# Growing Out Eyebrows... Suggestions?



## Aquilah (Apr 22, 2006)

As I mentioned in my FOTD for today, I'm going to let my eyebrows grow out. I've never had luck with shaping them myself, or by professionals. I've been told I don't have a natural arch, so I've never worried about having one. Anyway, I'd like any suggestions anyone may have on how to let them grow out while still looking decent when in public *lol*

I don't use any brow products, nor have I ever. Oh, and when I do have them shaped, I want them to look more like those of Eva Longoria, Angelina Jolie or Kelly Monaco (they all seem to have a different look to me)... I've inserted a pic of each... Opinions on that would be great too!!!


----------



## devinjhans (Apr 22, 2006)

when i grow mine out i usually just cover up the growing hairs with concealer and that helps. it is so hard to let them grow out, b/c they are the frame for your face, but when they grow out and look good it's all worth it!


----------



## Becka (Apr 22, 2006)

Wow, what a great tip Devin! I'm going to try this, I've been letting mine grow in for a painful 8 mos. or so now


----------



## Becka (Apr 22, 2006)

I think pic no. 2, coz Angelina's natural arch is similar to yours from what I can see in your notepad pic. Growing out is a total nightmare, I can sympathize w/ you!!


----------



## wondatwins2 (Apr 22, 2006)

I'm right there with you all!:scream3: I've been growing mine for about two months now and its something else but it will be worth it in the end! I really don't do much but keep them brushed with a little brow gel that's about it! Thank God i will be able to finally get them done at the middle of may! Because it does frame your face and makes a big difference!!!


----------



## Jennifer (Apr 23, 2006)

when i grow mine out, i just pluck the ones i KNOW i don't need. it looks gross, but like mentioned above, it's worth it in the end! i agree with angelina's being more like yours, though.

good luck!


----------



## BeneBaby (Apr 23, 2006)

Hey! Congrats on growing out your brows. I would recommend using a product like Benefit HighBrow to cover up the little "caterpillars" that are going to come in. In all honesty you will not like how you look for awhile. There is nothing that can fully cover them up. BUT the bright side is it will be worth it. For maximum shaping results do not tweeze for an entire month. As for wanting the brows of celebs....those brows may not suit your face. Often times we get clients bringing in pics of a celebs brows and asking for that shape. That celeb may have a different shaped face, more prominent brow bone, more angled forehead. Those all factor in. I suggest striving for YOUR perfect brow. It may not be Angelina's arch, but it will be your own signature shape. Lot's of Luck......Oh an invest in a great brow kit. You'll Thank me!


----------



## Aquilah (Apr 23, 2006)

I'm lucky that my brows grow fast... I generally have to pluck them almost twice a week!

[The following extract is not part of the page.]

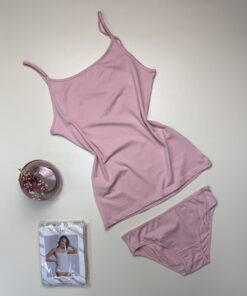 Bustier+bas H - coton - " Rose "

I'm sure it'll look "tragic" for awhile, but I rarely go out anywhere so I'm not really stressing it. I'll definitely look into the Benefit HighBrow and BrowZing I keep hearing about on here. Thanks!!!


----------



## Aquilah (Apr 26, 2006)

While I was web browsing trying to find more tips and tricks on growing out and filling in my eyebrows while they're growing, as well as shaping when all is done, I came across the website http://www.eyebrowz.com. They have LOTS of stencils for almost any shape brow or face. Has anyone ever heard of them, or used their stencils? They seem pretty good! You can get a custom kit or just buy their pre-made stencils. I've found quite a few different stencils I like, so I'm debating on investing.


----------



## 4getmeNot (Apr 26, 2006)

I'm growing mine out too...thank goodness next week i'm gettin them shaped. they look bad. i can't believe how much of a difference well groomed brows make! they really frame your face, and even if I don't wear any makeup, I still look polished. eyebrowz.com is a very good informational site, thoughh i haven't ordered any stencils from there, i always just go get mine waxed.


----------



## michko970 (Apr 27, 2006)

I need to grow mine out and just get them shaped and done professionally. That will be one of my summer projects!


----------



## jennycateyez (Apr 27, 2006)

i try all the time to grow out my eyebrows... but i feel so nasty, and i cant put makeup on because if ur eyebrows are a mess your makeup would look bad ( well on me it does). my eyebrows grow fast to, i have to pluck them every other day! i agree with amanda (benebaby) i also use benefit highbrow, and its really good and it does hide a little something something.


----------



## fickledpink (May 9, 2006)

Aerisley: I like Angie's shape in pic #2 for you. Good luck on growing your brows!  /emoticons/[email protected] 2x" width="20" height="20" />

I also recently decided to grow out my eyebrows and get them professionally done. How long should I wait to get them shaped?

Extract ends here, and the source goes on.